Gesù stavolta non pare né mite né umile di cuore, ma non perde la pazienza, non si adira: si sdegna ma ha tutto sotto controllo. Ha tutto il tempo di prendere delle cordicelle, di intrecciarle e poi giù a destra e a manca, le bancarelle rovesciate, i soldi sparsi intorno e non è da malpensanti immaginare che qualcuno, ginocchioni, ne approfitti, i mercanti protestando cercano di evitare le frustate, gli animali si spaventano e corrono via… Fra quelle arrivano i garanti del sistema, del diritto canonico e della contraddizione palese, i Giudei, che cercano di fermare Gesù; come si permette? Quali sono le sue credenziali? Il segno, vogliono il segno per cui quello lì sovverte il sistema.

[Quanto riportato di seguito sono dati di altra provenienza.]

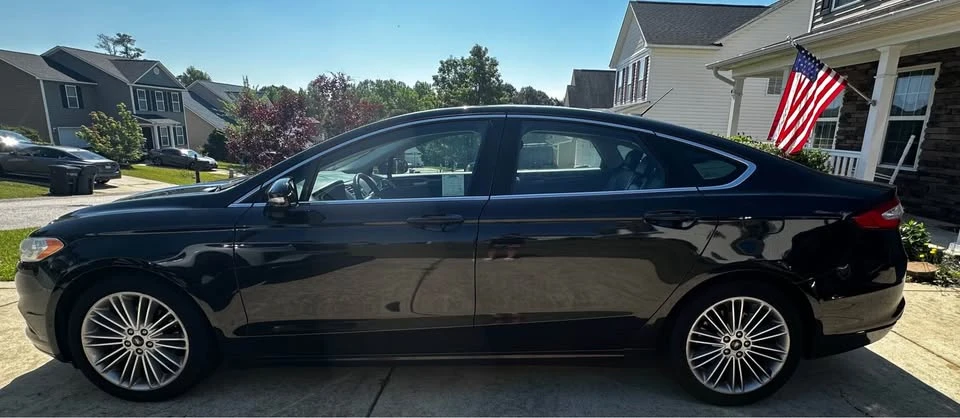 2013 Ford Fusion 2nd Gen - Image 7 of 20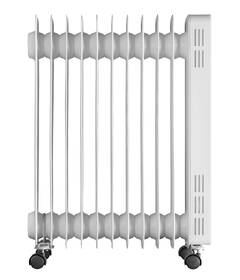 Olejový radiátor Concept RO3411 biely

 obrázok produktu 2 z 7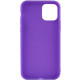 Силіконовий чохол Candy для Apple iPhone 13 mini (5.4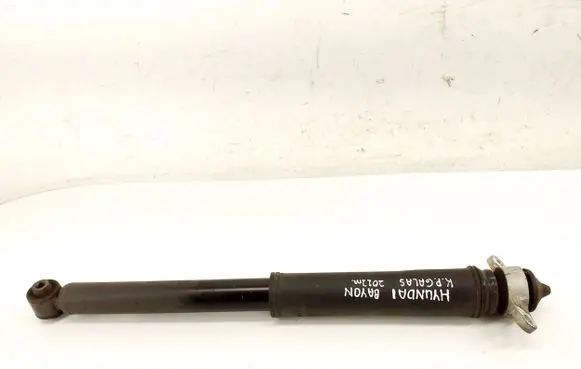 Hyundai Bayon Rear shock absorber/damper 55300Q0KA0 292904102B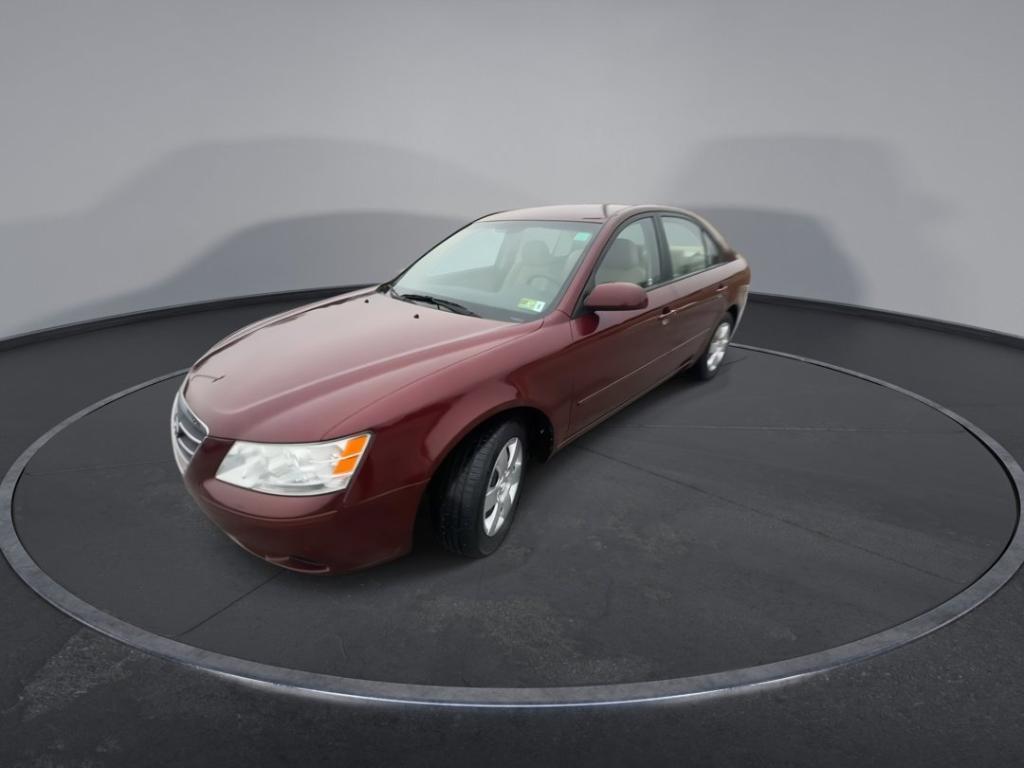used 2010 Hyundai Sonata car, priced at $3,900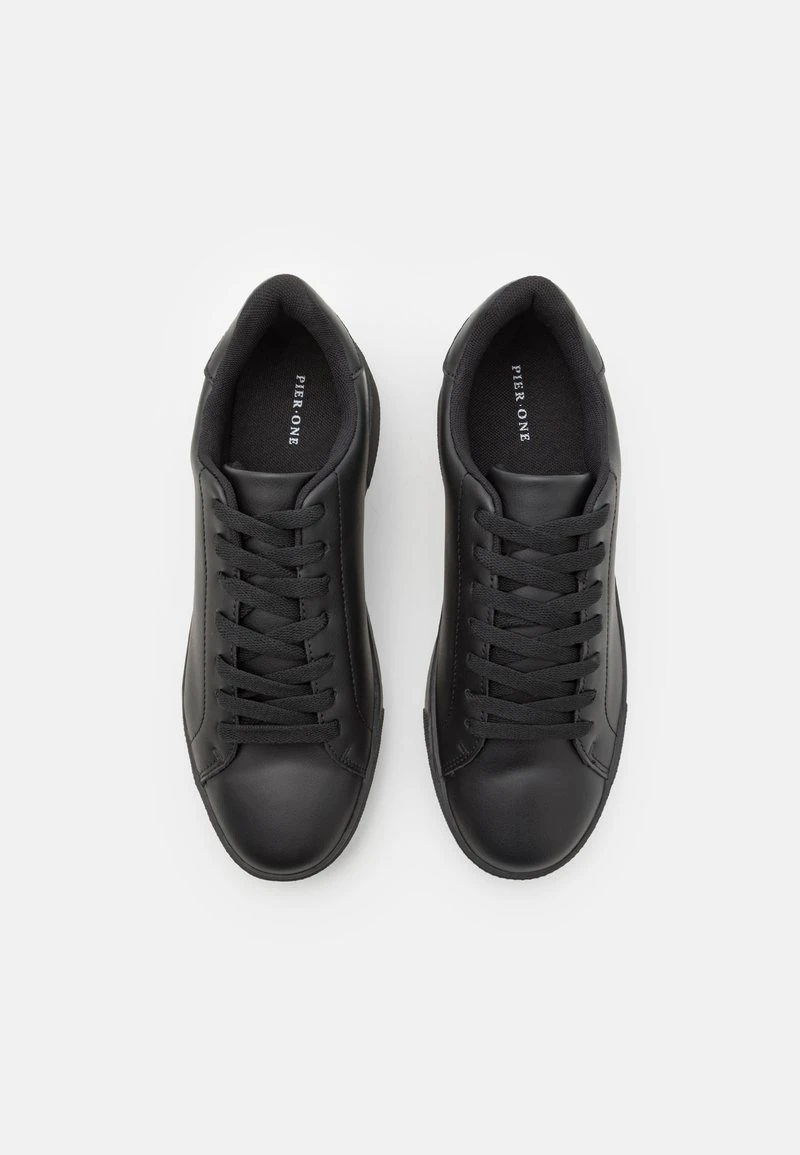 Pier One UNISEX - Sneaker Low - Black 6 Pier One UNISEX - Sneaker Low - Black – Bild 4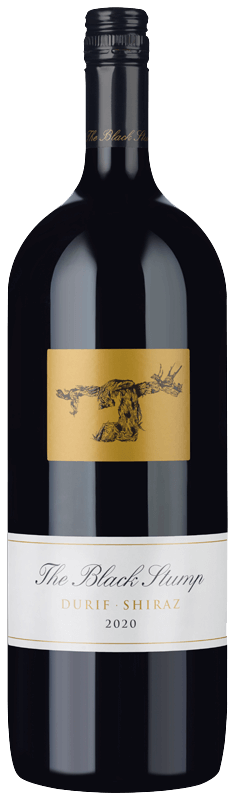 The Black Stump Durif Shiraz (magnum) 2020 The Black Stump Durif Shiraz (magnum) 2020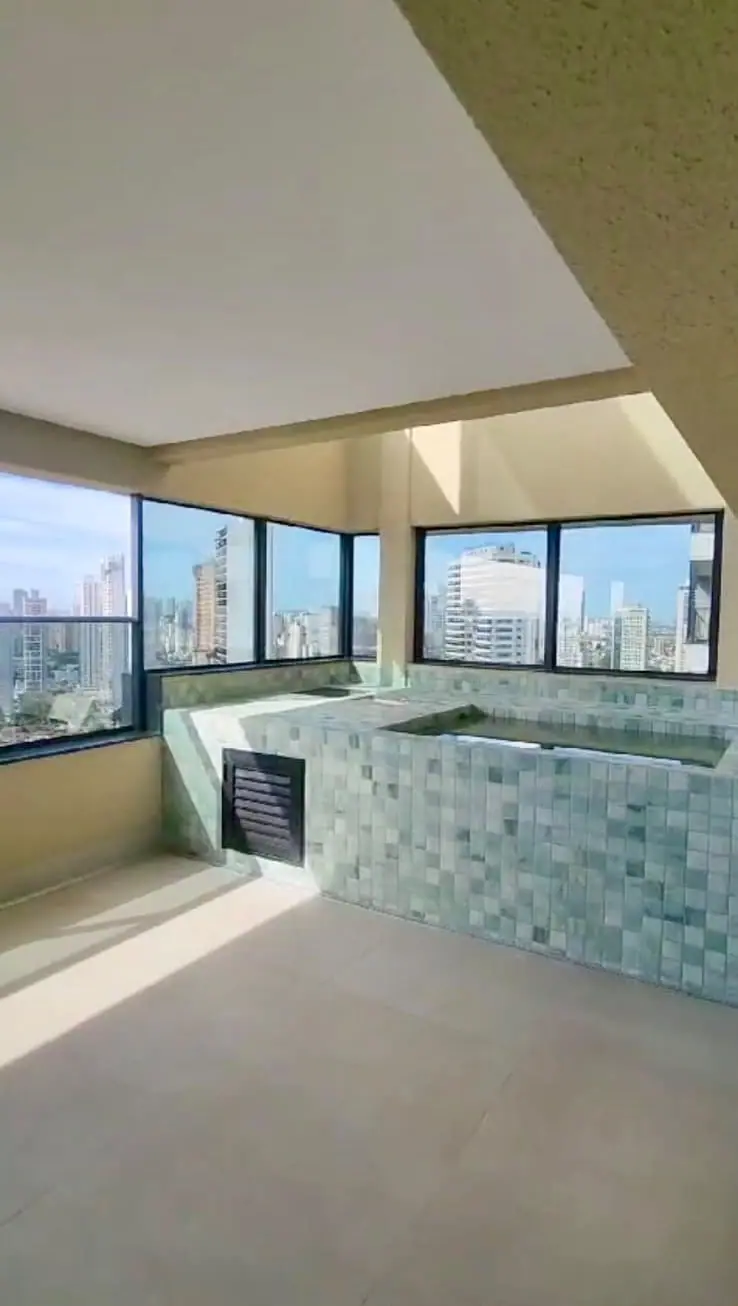 Penthouse com 4 suítes, andar alto, Setor Marista, foto 7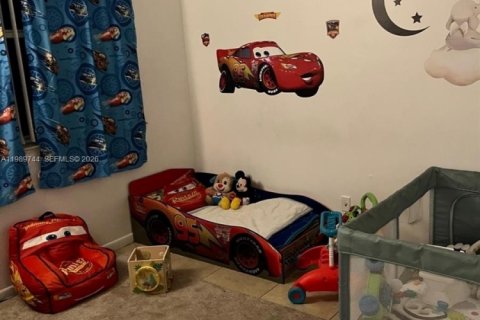 Купить кондоминиум в Корал-Спрингс, Флорида 3 спальни, 108.32м2, № 2055530 - фото 12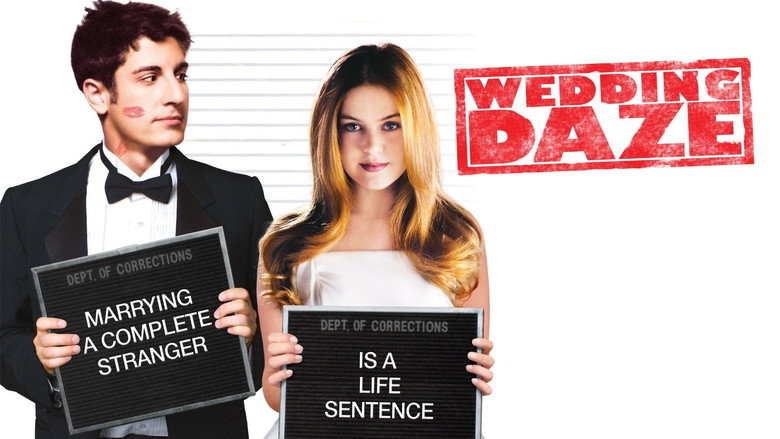 Wedding Daze still 5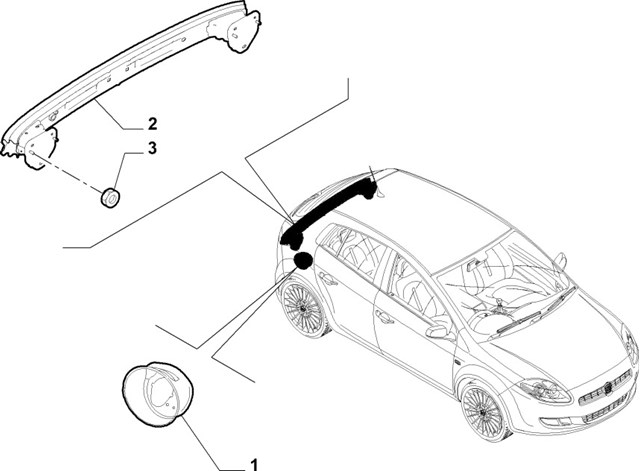 51750951 FIAT купить в Кривой Рог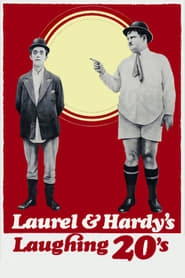 Laurel and Hardy's Laughing 20's hd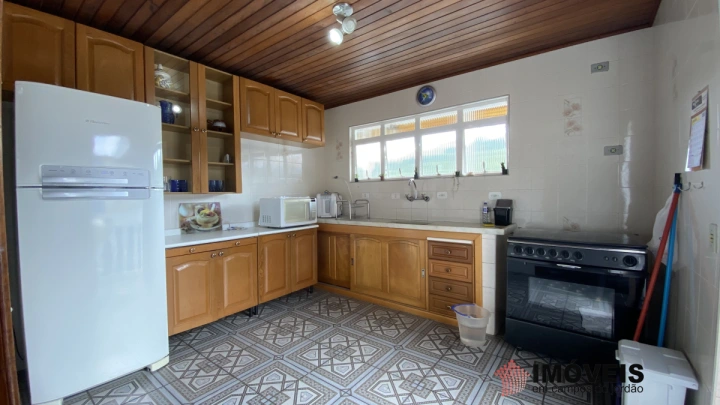 Casa em Vila Rica, Campos do Jordão - foto 6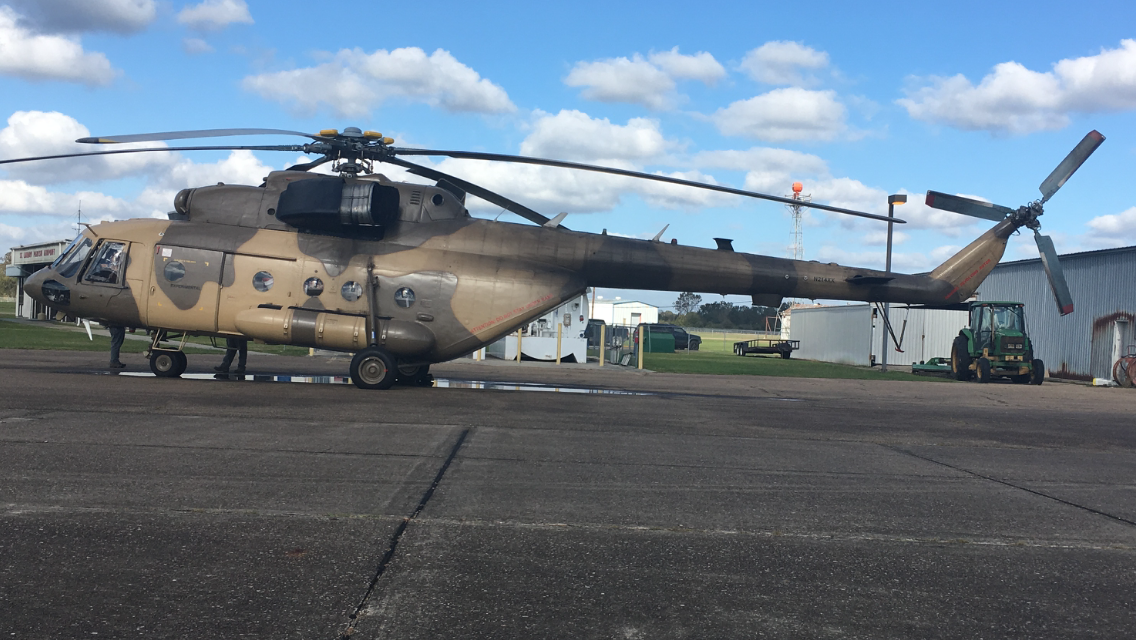 mi 17個 Helicopter Mi-17 | eBay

Gesù non spiega perché fa quel che fa, ma risponde alla lettera della domanda: dice il segno ultimo, essenziale, definitivo. Ma essi non capiscono. D’altra parte non c’è ancora nei Giudei l’intenzione di farlo fuori. Gesù sta dicendo che è lui il nuovo tempio. Ma è troppo difficile per loro.

 

Non è troppo difficile per noi capire che lo zelo di Gesù ci riguarda, già col battesimo costituiti tempio di Dio ma non ancora nel destino e nell’esperienza. Già e non ancora. E come allora a Gerusalemme così nella feria del nostro tempo egli rovescia le bancarelle e scaccia i mercanti che abbiamo dentro ed inquinano, falsificano la nostra natura e la destinazione. Le ambiguità, le contraddizioni, le opacità, le indolenze, gli idoli, l’atteggiamento giudicante verso gli altri e giustificante verso sé stessi, la doppia morale… Eppure siamo tempio di Dio, ma nella misura in cui scegliamo di essere seguaci ma del tutto, lasciando che Gesù abiti in noi “e non un altro”.
Un autore dell’Umanesimo diceva che ogni essere ha una sua natura determinata e un destino corrispondente. Un gatto sarà solo un gatto. Solo l’uomo ha una natura indeterminata ma può scegliere quella che più gli aggrada: quella degli animali o quella degli angeli. Gesù è deciso a darci la sua.